Eastern border, not southern border, if you're talking about the Maritimes (if you're talking about the rump US, give it a couple of decades and some of that feeling might die down). In addition, New Englanders at that time were staunchly pro-free trade, so they wouldn't mind trading with individual British colonies and Europe.
Even if New England became a 19th-century version of a Commonwealth republic?
It was still pretty damn important at that point, although you're right in saying that it really took off with the Erie Canal. Prior to the construction of the Erie Canal, NYC's major rival was Montreal, IIRC, not the other American cities. Here's an 1810 quote from a French consul reflecting views towards NYC at that time period:
"its inhabitants, who are for the most part foreigners and made up of every nation except Americans so to speak, have in general no mind for anything but business.
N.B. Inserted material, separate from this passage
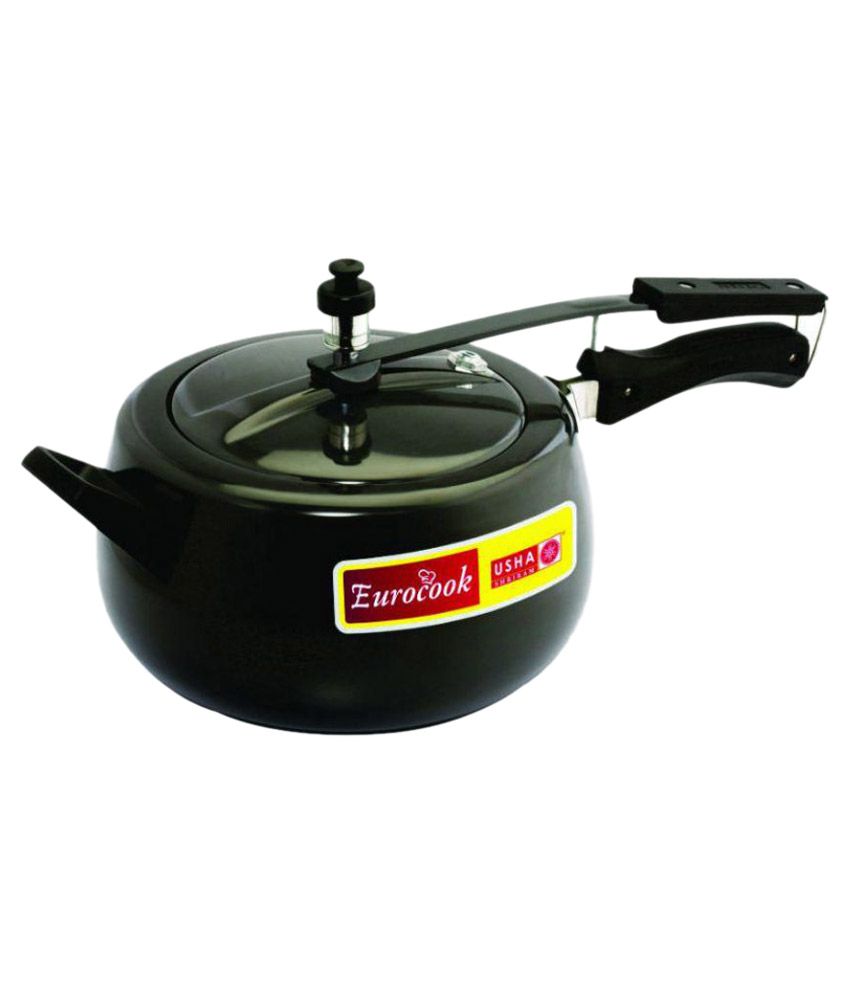 Usha Shriram 3.5 Ltrs Hard Anodized InnerLid Pressure Cooker Buy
New York might be described as a permanent fair in which two-thirds of the population is always being replaced; where huge business deals are being made, almost always with fictitious capital, and where luxury has reached alarming heights... It is in the countryside and in the inland towns that one must look for the American population of New York State."
(The Perspective of the World, by Fernand Braudel)
I don't know about Montreal, but the most important American rival to New York (and, in fact, the most important trading city on the Atlantic coast at this time) was Boston. Boston was where the wealth was, Boston was where the commerce was, and Boston was where the bankers were.
Meh. Montreal might've just been NYC's rival in terms of supplying the Midwest. My point still stands; NYC has always been an incredibly important city.